“Well established hierarchies are not easily uprooted;
Closely held beliefs are not easily released;
So ritual enthralls generation after generation.”
Tao Te Ching
All change is difficult. It requires strong leadership and an understanding of foundations needed to instantiate the desired change. Most of all change requires that ingrained habits are replaced with new habits. And, since we are creatures of habit, change is very hard for human beings.
For the practitioner of scrum and agile development techniques this aversion to change and the resilience of old ways is a key challenge.
Within any enterprise exists an established hierarchy. Inherent in this hierarchy are rules that govern rewards, promotion, power, punishment and failure. Many people within that hierarchy have invested large amounts of effort, emotion and pride into meeting the demands of these rules.
We have vast amounts of longitudinal evidence that it is hard to build what users want to meet their budgets and time lines. The well known Standish Reports on software development projects show that in 2006 “19 percent of projects begun were outright failures, compared with 31.1 percent in 1994”. These are not very good results, even if they have improved over a decade.

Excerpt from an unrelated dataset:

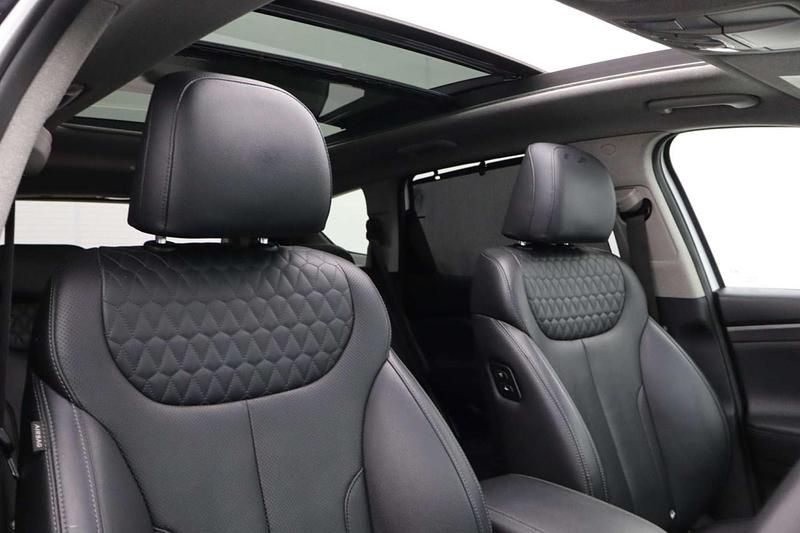 Used Hyundai Santa Fe Premium SE 200 HP (147 kW) 2018 White SUV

Agile methods such as scrum are an attempt to address this perennial problem. However, in trying to implement them we are embarking upon a significant corporate change program.
For the past 30 or so years we have inculcated in people adherence to a system of software development that is generally termed “waterfall“. This software development life cycle (SDLC) approach is very structured and is actioned like a Henry Ford style production line. This means that the hierarchy around software development in most company’s IT department is tied in strongly to the waterfall approach to systems development.
This focus on the waterfall SDLC is also reinforced by non-IT management who like it because it appears to offer control and structure. The documents, GANTT charts, diagrams and other artifacts give management comfort that all is under control.
Yet the very results we see for software projects every day around the world tell us that this control and structure is merely an illusion.
The question I have been asking for several years now is have we found a better way? And, is that way agile or is it merely another illusion?